Instructions for the task: Excluding all pictures, please output the listing exactly.

[Data excerpt — start]

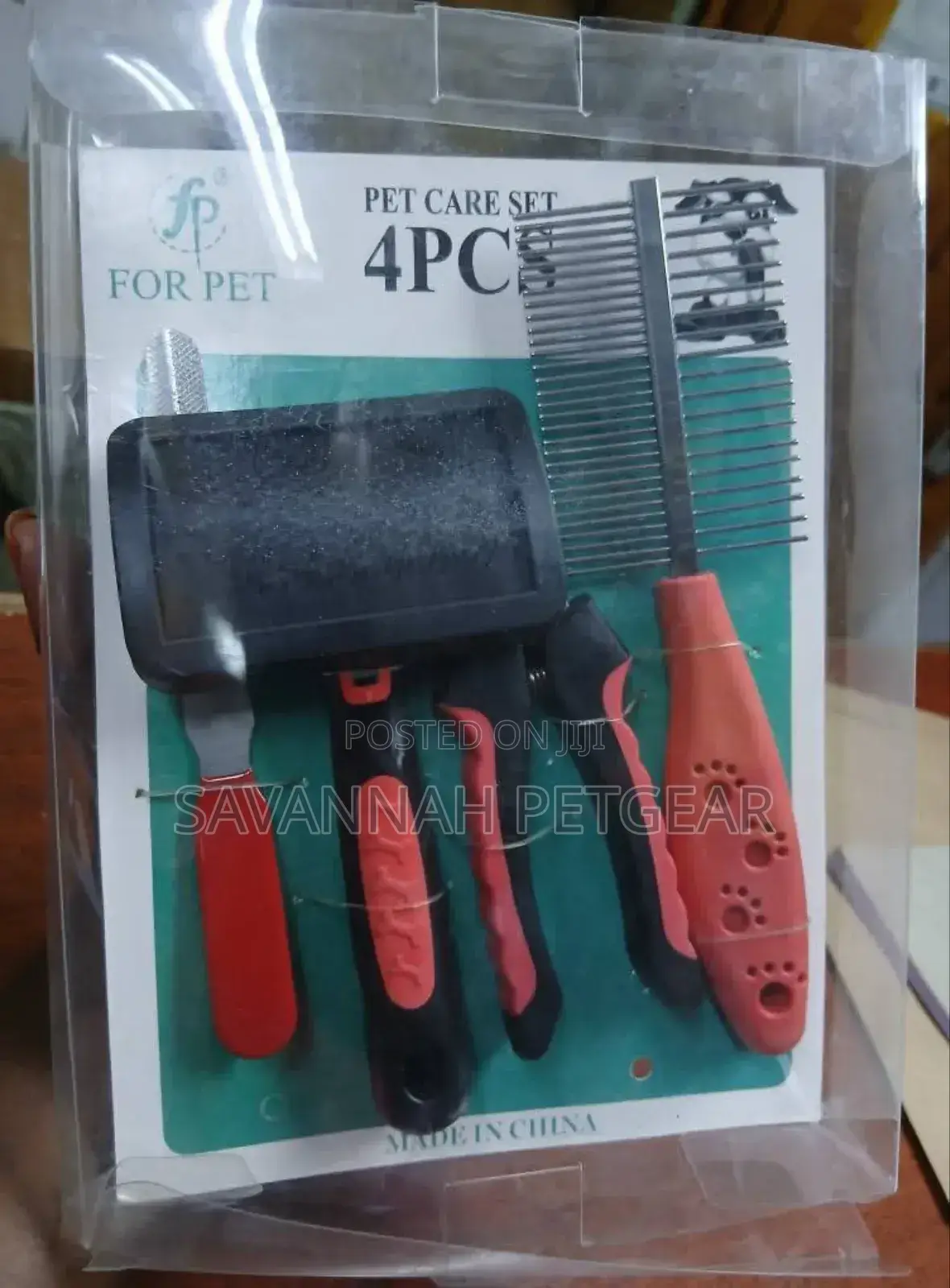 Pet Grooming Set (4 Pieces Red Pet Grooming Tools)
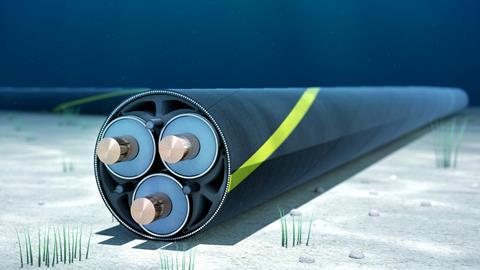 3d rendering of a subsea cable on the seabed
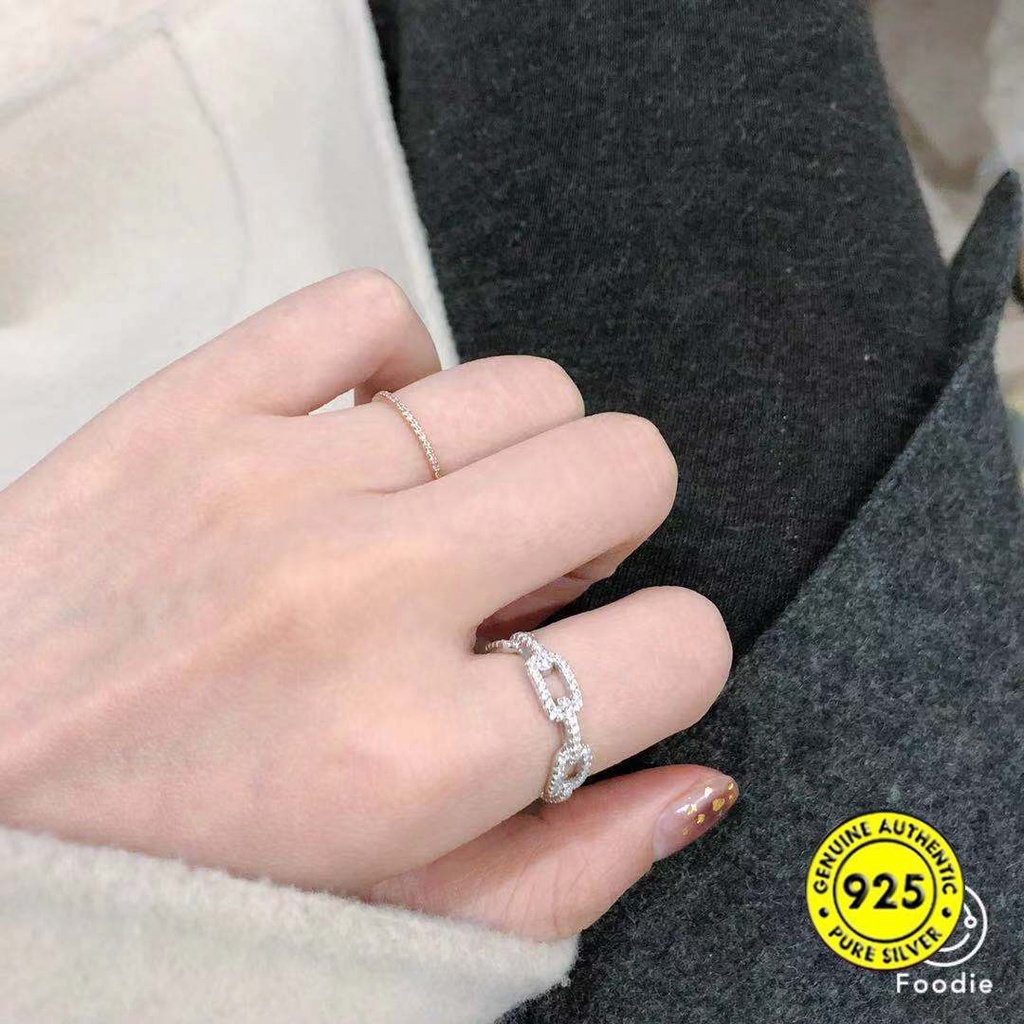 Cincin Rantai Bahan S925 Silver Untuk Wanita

[Data excerpt — finish]

Answer:
 Pet Grooming Set (4 Pieces Red Pet Grooming Tools)
 3d rendering of a subsea cable on the seabed
 Cincin Rantai Bahan S925 Silver Untuk Wanita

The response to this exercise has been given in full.